Was sagt VdMK-Präsidentin Gerrit Große dazu, dass vom Land dieses Jahr 5,6 Millionen Euro Zuschuss kommen und nächstes Jahr 6,1 Millionen statt rund 25 Millionen wie gefordert? »Es ist zu wenig, aber besser als nichts oder eine Kürzung«, erklärt Große auf Nachfrage. Zwar haben die Koalitionsfraktionen SPD und BSW einen Haushalt mit Rekordschulden und Rekordausgaben beschlossen. Doch Tarife und Preise steigen, womit es in vielen Bereichen die gleiche Leistung nur noch für mehr Geld gibt. Das kann sich das Land Brandenburg aber nur bedingt leisten, weil die Steuereinnahmen angesichts einer Wirtschaftskrise nicht so steigen wie ursprünglich vorhergesagt.

Staatssekretär Dünow ist prinzipiell dafür, alle Musikschulpädagogen fest anzustellen.

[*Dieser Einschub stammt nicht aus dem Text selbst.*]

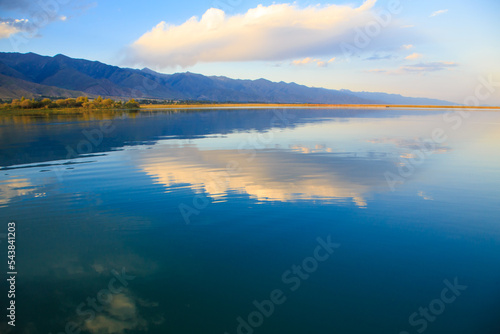 Lake in the mountains. Beautiful nature, reflection of clouds and mountains in blue water. Kyrgyzstan, Lake Issyk-Kul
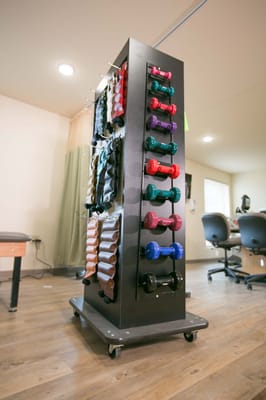 A rack of colorful dumbbells in a fitness area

Es muss jedoch irgendwie finanziert werden. Die neue Lage führt dazu, dass wahrscheinlich die Gebühren angehoben werden. Schon jetzt sind in Potsdam-Mittelmark 80 Euro im Monat zu entrichten. Dafür gibt es einmal pro Woche 45 Minuten Einzelunterricht. In einer Gruppe von zwei oder drei Schülern ist der Unterricht entsprechend billiger. Aber es müssen erst einmal zwei oder drei Kinder gefunden werden, die alle beispielsweise Trompete spielen wollen und in den ländlichen Gegenden des Landkreises am selben Tag zur selben Zeit kommen können – auch wenn dann kein Bus fährt und sie von ihren Eltern mit dem Auto gebracht werden müssen. Immerhin gibt es bei einem Familieneinkommen bis zum 1,5-fachen des Bürgergeldsatzes eine Ermäßigung von 50 Prozent.

Tobias Dünow ist 53 Jahre alt. Entsprechend lange ist es her, dass er einst als Lehrerkind an der Musikschule Düsseldorf Blockflöten- und Klavierunterricht erhielt – »mit traumatischen Ergebnissen für mich und meine Eltern«, wie er halb im Scherz berichtet. In einer Aula aufzutreten, war ihm sehr peinlich. Echte Freude an der Musik entwickelte Dünow erst später im Chor. Wenn der Politiker heutzutage Konzerte von Musikschulen erlebt, ist er begeistert, was die Kinder und Jugendlichen leisten.

Nur in seltenen Fällen werden die Schüler später Berufsmusiker. Das ist aber auch gar nicht das Ziel. »Die sollen etwas fürs Leben mitnehmen«, erläutert Hoffmann-Thoben. »Zuhören lernen« ist für die Pädagogin auch eine Art von Demokratieförderung.